MOLECULAR PATHOGENESIS OF T LYMPHOCYTE-INDUCED LIVER INJURY IN ALCOHOLIC HEPATITIS

Robert G Batey and Jianhua Wang

Division of Medicine, John Hunter Hospital, Newcastle 2310, NSW Australia

TABLE OF CONTENTS

1. Abstract
2. Introduction
3. Pathogenesis of alcohol related liver disease and the role of cytokines
3.1. Pathogenesis of alcohol related liver disease
3.2. Role of cytokines
3.2.1. Cytokines and their regulation in alcohol related liver disease
3.2.2. TNF
a mediation in alcohol related liver disease
3.2.3. IL-6-its role in alcohol related liver disease
4. Immune effects of chronic alcohol consumption on lymphocytes in human and animal experimentation
4.1. Immune abnormalities of peripheral T lymphocytes
4.2. Signal transduction abnormalities of peripheral T lymphocytes
4.3. Immune abnormalities of peripheral B lymphocytes
4.4. Immune abnormalities of peripheral NK lymphocytes
4.5. Immune abnormalities of liver-associated T lymphocytes
5. Intrahepatic T lymphocyte involvement in the pathogenesis of alcohol related liver disease
5.1.Phenotypes, natural immunity and origin of intrahepatic lymphocyte in non-diseased liver
5.1.1. Human intrahepatic lymphocyte populations, numbers and proportions
5.1.2. Natural immune functions of intrahepatic T lymphocytes
5.1.3. Origin and development of intrahepatic lymphocytes
5.2. Intrahepatic T lymphocytes mediate liver injury of alcohol related liver disease
6. Perspective
7. References

1. ABSTRACT

The development of alcohol-induced liver injury is, in part, a consequence of the immunological/inflammatory response that alcohol stimulates. The abnormalities of immune function in heavy drinkers have been documented well. Cytokines, especially TNF a, produced from macrophages/Kupffer cells, play a role in the induction of liver cell necrosis and apoptosis. TNF alpha can cause liver cell apoptosis through the TNF alpha receptor or Fas/CD95 which is expressed by liver cells. Furthermore, chronic ethanol consumption may damage the liver by inhibiting the hepatotrophic and hepatoprotective actions of TNF a and other cytokines. There exists an intrinsic lymphocyte population in the normal liver. Intrahepatic T lymphocytes consist of a heterogeneous population of cells that has many and varied functional characteristics in addition to classical T cell activity.

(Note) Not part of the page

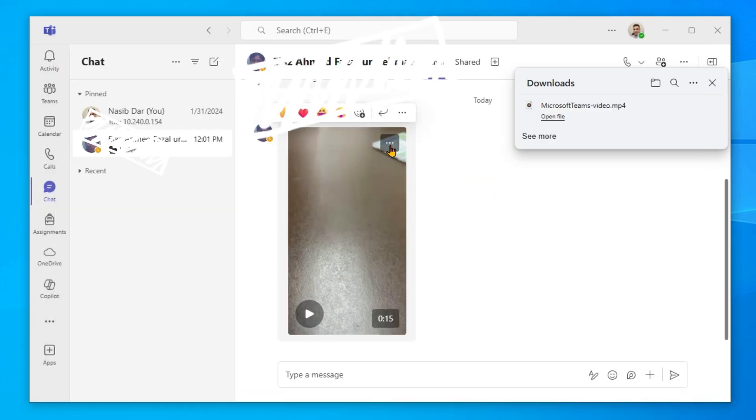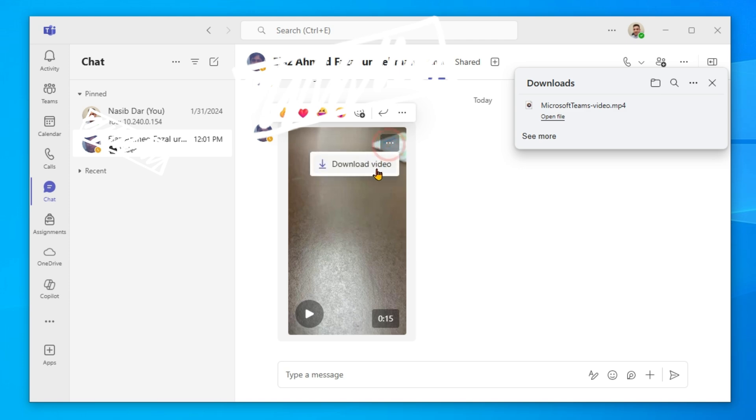If you don't have this more video clip option or download video option, then please follow method 2.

The population of intrahepatic T lymphocytes may arise via a thymus-independent pathway. Our recent work has demonstrated the role of liver-associated T lymphocytes in the pathogenesis of alcohol related liver injury initiated by a variety of stimuli such as endotoxin (lipopolysaccharide, LPS) or concanavalin A (Con A). Our studies have, for the first time, suggested that alcohol consumption alone does not lead to the development of marked liver necrosis (at least in the rat), but rather that a second insult is required for this to occur. Liver-associated T lymphocytes in rats spontaneously secrete interleukin-1 alpha, interleukin-6 and TNF a in vitro culture. There is a significant decline in the amounts of interleukin-1 a and TNF a secreted in ethanol-consuming rats compared with non-ethanol consuming rats. The numbers of T cells, NK cells and Kupffer cells in liver perfusates remains stable over a prolonged period of ethanol consumption. However, following Con A injection, there was an inappropriate increase in the amounts of interleukin-6 and TNF a secreted in in vitro culture of liver-associated T lymphocytes and a significant increase in the percentage of CD4+ T cells and CD25+ T cells in liver perfusates compared with non-ethanol consuming rats. It suggested that liver-associated T lymphocytes are involved in the inflammatory process associated with alcohol related liver injury through increased cytokine secretion (TNF a).